Soggiorno irregolare No reclusione

Pubblicato il 08 giugno 2016

E’ contraria alle disposizioni comunitarie la normativa di uno Stato membro che consenta, in conseguenza del mero irregolare ingresso attraverso una frontiera interna, la reclusione di un cittadino di un paese terzo, nei confronti del quale non sia stata ancora conclusa la procedura di rimpatrio prevista dalla direttiva 2008/115/CE.

Questa interpretazione va adottata anche nel caso in cui il cittadino in questione possa essere ripreso da un altro Stato membro, in applicazione di un accordo o di un’intesa ai sensi dell’articolo 6, paragrafo 3, della direttiva medesima.

In particolare, ai sensi degli articoli 2, paragrafo 1, e 3, punto 2, della direttiva citata, deve ritenersi che un cittadino di un paese terzo soggiorni in modo irregolare nel territorio di uno Stato membro e ricada, pertanto, nell’ambito di applicazione di tale direttiva, quando, senza soddisfare le condizioni d’ingresso, di soggiorno o di residenza, transiti in tale Stato membro “in quanto passeggero di un autobus, proveniente da un altro Stato membro, appartenente allo spazio Schengen, e diretto in un terzo Stato membro al di fuori di detto spazio”.

Decisione Corte di Giustizia

Sono queste le indicazioni da ultimo fornite dalla Corte di giustizia Ue nel testo della sentenza del 7 giugno 2016 pronunciata con riferimento alla causa C-47/15.

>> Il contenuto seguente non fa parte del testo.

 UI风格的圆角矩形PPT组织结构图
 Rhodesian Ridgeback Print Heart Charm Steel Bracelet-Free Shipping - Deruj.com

La decisione è stata presa con riferimento ad una domanda di pronuncia pregiudiziale che verteva sull’interpretazione della direttiva 2008/115/CE recante norme e procedure comuni applicabili negli Stati membri al rimpatrio di cittadini di paesi terzi il cui soggiorno è irregolare.

La domanda era stata, a sua volta, presentata nell’ambito di una controversia concernente l’ingresso irregolare di una donna di nazionalità ghanese nel territorio francese, nonché la proroga del trattenimento amministrativo di quest’ultima.